Thus it is to be opined that subject matter of the revision is pending before the Special Bench for adjudication and the AO passed the assessment order without an iota of discussion on the issue of whatsoever as such the CIT exercised his powers u/s. 263 to revise the order of AO which was in conformity with the order of the Special Bench and invoking the provisions of section 263 is justified.

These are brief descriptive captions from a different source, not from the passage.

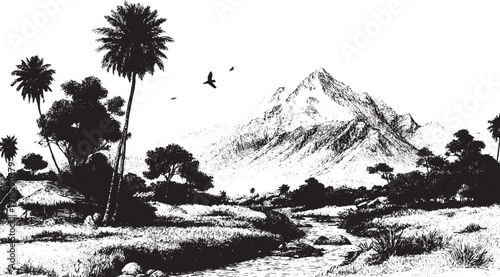 Vector illustration of palm trees on the Hawaiian coast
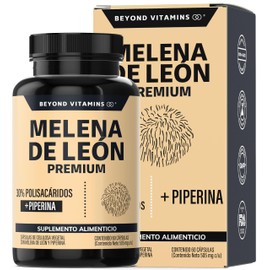 Beyond Vitamins | Hongo Melena de León | Extacto proveniente del Micelio con 30% de Polisacáridos + Piperina al 95% para máxima biodisponibilidad | Sin metales pesados | Vegano | 60 cápsulas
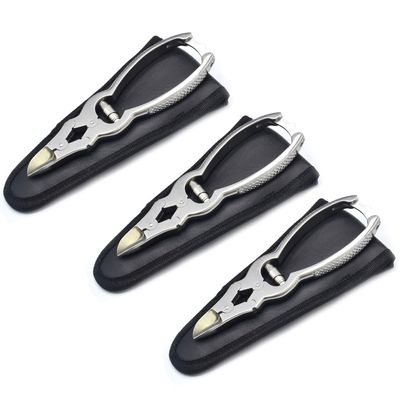 AAProTools Double Action Mycotic Nail Cutter Nipper Trimmer 6-in Professional Stainless Steel (3Pcs). with Black Leather Pouch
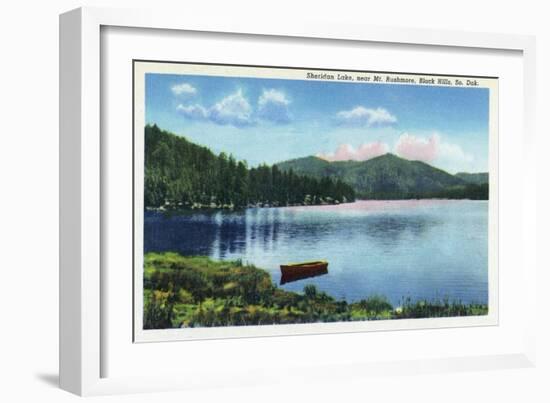 Black Hills, South Dakota, View of Sheridan Lake near Mount Rushmore-Lantern Press-Framed Art Print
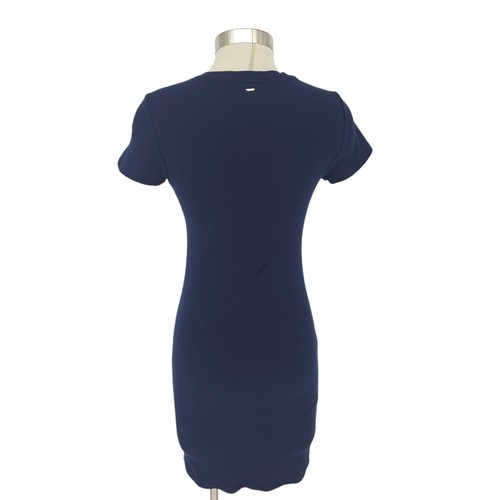 PINK Victorias Secret Bodycon T Shirt Dress Blue Rib Knit Short Sleeve Medium - Picture 4 of 8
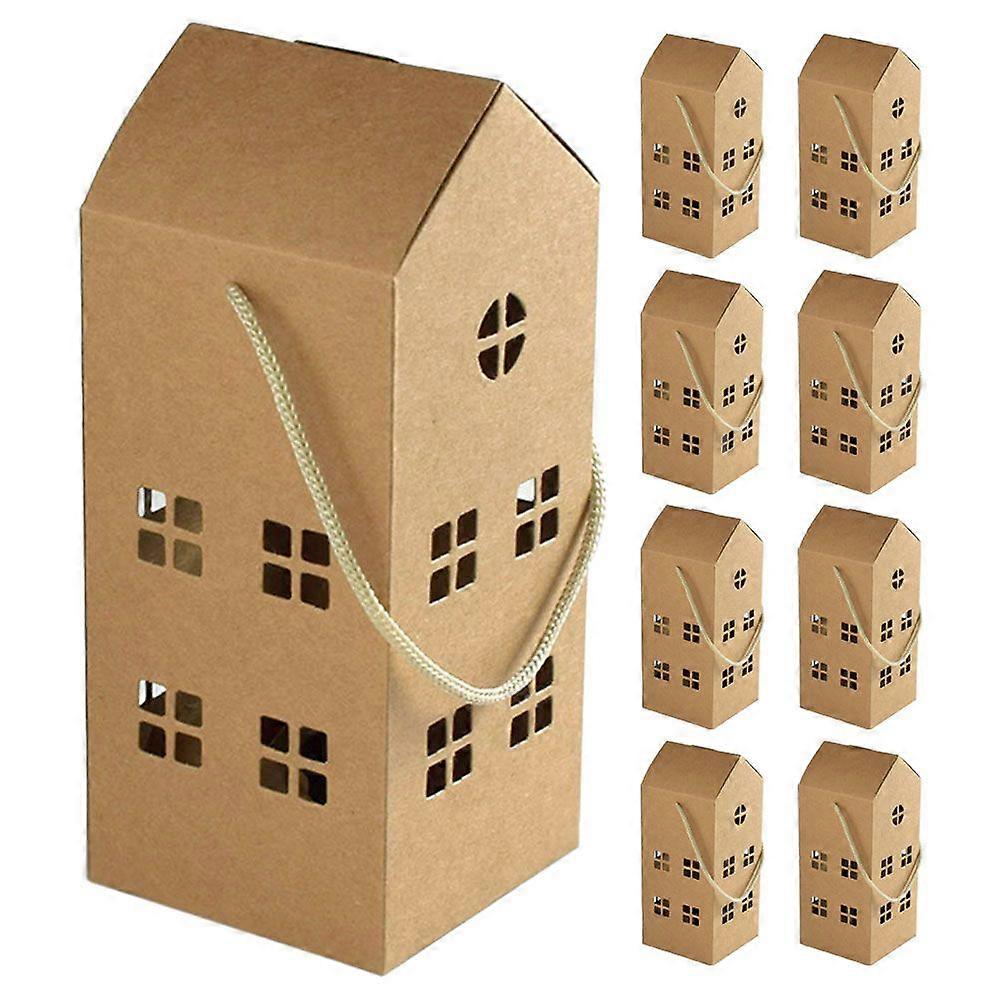 10pcs House Shaped Paper Boxes Handheld Present Bags Multi-function Candy Boxes for Party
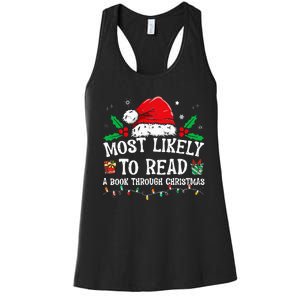 Most Likely To Read A Book Matching Family Christmas Women's Racerback Tank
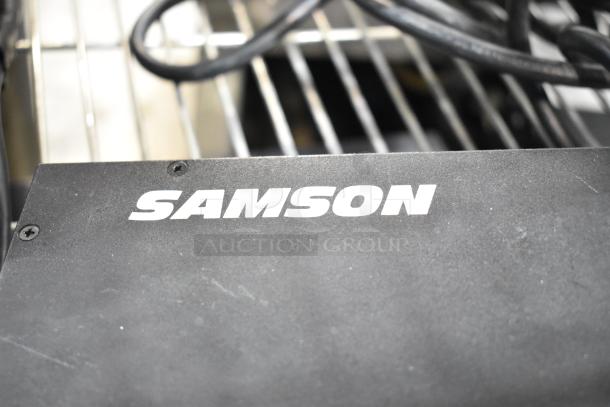 Three audio items: Shure PG4 antenna system, DBX DriveRack PX optimizer, Samson PowerBrite Pro15 power conditioner.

Set off of unabsorbed depreciation allowances carried forward from assessment year 1996-97 and 1998-99 against income relating to assessment year 2007-08 - This issue is covered against the assessee by the order of the Special Bench in the case of DCIT Versus Times Guaranty Ltd. [2010 (6) TMI 516 - ITAT, MUMBAI] wherein held that unabsorbed depreciation relating to assessment years 1997-98 to 1999-2000 is to be dealt with in accordance with the provisions of section 32(2) as applicable to assessment year 1997-98 to 1999-2000 and, therefore, assessee cannot claim set off of unabsorbed depreciation relating to assessment year 1997-98 to 1999-2000 under any head of income other than “income from business or profession” in assessment years 2003-04 and 2004-05 - issue is decided against the assessee.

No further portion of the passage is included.